# Canadian tax



## Ahithophel (Dec 10, 2013)

Canuck here relocating to the UAE, was wondering if I am liable for taxes back in Canada? Last resident was in QC

Thanks for all the help in what I need to do.


----------



## Nononymous (Jul 12, 2011)

Yes until you declare yourself non-resident, after that you're off the hook. Not fully sure how that works anymore (first and only time I did it was 15 years ago) but back in the day it was pretty straightforward if you weren't maintaining property and investments back in Canada. Consult Google for details.


----------



## simsonk (Dec 18, 2013)

The last I checked that there is a two year wait before you can declare yourself as a Non-Resident Canadian. That would mean that you cannot own any property or have an address listed in Canada. I'd check with Immigration Canada just to be sure. It is the Govt after all.


----------



## sammylou (Oct 29, 2012)

you should consult with an accountant. do not inform the CRA that you are leaving [most accountants will tell you this]. if you search the dubai forum for this topic you will find tons of info, some of it from me.

but the gist of it is that you need to show you have no intention of returning to canada and therefor sever all residential ties. there is no waiting period for this. you can be a non-resident the day you leave the country.

but the first question is, are you on a short term contract? if yes, then difficult to show you aren't returning and therefor you would still be considered a resident and liable to file taxes claiming your worldwide income.

if not, if it is an indefinite contract or you are made an employee over here with a uae company then it's much easier. 

i'd suggest you search the dubai forum first, then if you have more questions post in the dubai forum. if you would like a recommendation for a canadian accountant who specializes in non-res stuff then pm me and i can forward you the info for my guy. he was great and did everything remotely with us after we had already moved here.


----------



## sammylou (Oct 29, 2012)

simsonk said:


> The last I checked that there is a two year wait before you can declare yourself as a Non-Resident Canadian. That would mean that you cannot own any property or have an address listed in Canada. I'd check with Immigration Canada just to be sure. It is the Govt after all.


there is no two year wait but perhaps the reason you are thinking two years is that once a person has been non-resident for a period of two years they may then cash out any rrsp's or pension funds at the capital gains tax of only 25% instead of having to file it as income.

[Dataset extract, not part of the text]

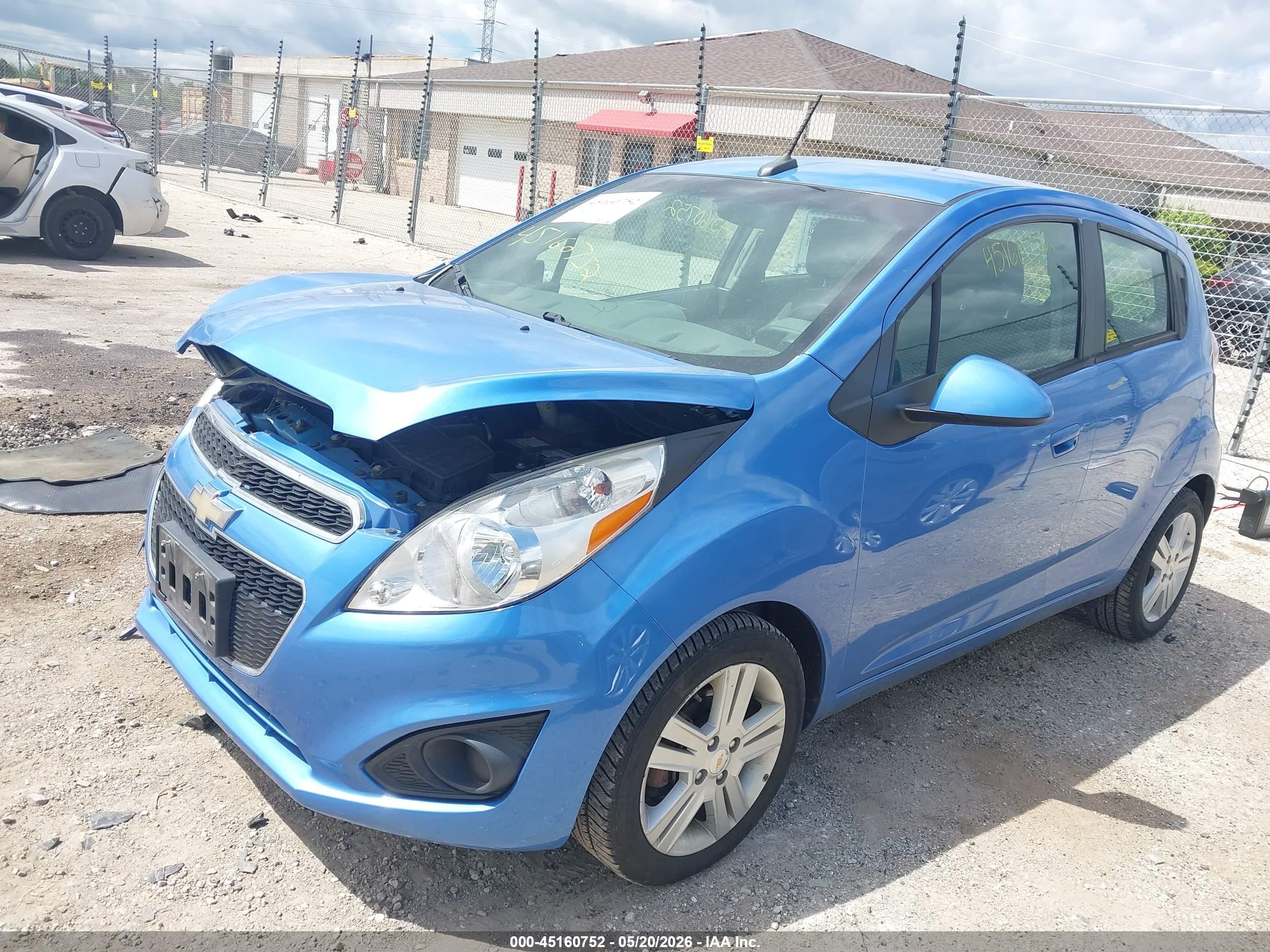 2013 Chevrolet Spark 1lt Auto Blue vin: KL8CD6S9XDC519053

and on that note, when leaving canada, if your intention is to maintain non-resident status, be sure to notify your bank and have the rrsp's designated non-resident accounts. you can keep them, you just can't contribute any longer. it is also okay to keep a bank account [non-resident] and a credit card [we kept our visa and use it sometimes for online and when we go home, way easier at the gas pump!]. just make sure the bank has your current non-canadian address. don't give the CRA any reason to think you aren't a non-resident.


----------



## simsonk (Dec 18, 2013)

Thanks SammyLou - this has been more helpful. I am on a job hunt so should I find something and stay back ... I will certainly approach ya for the tax guy to get things moving for me.


----------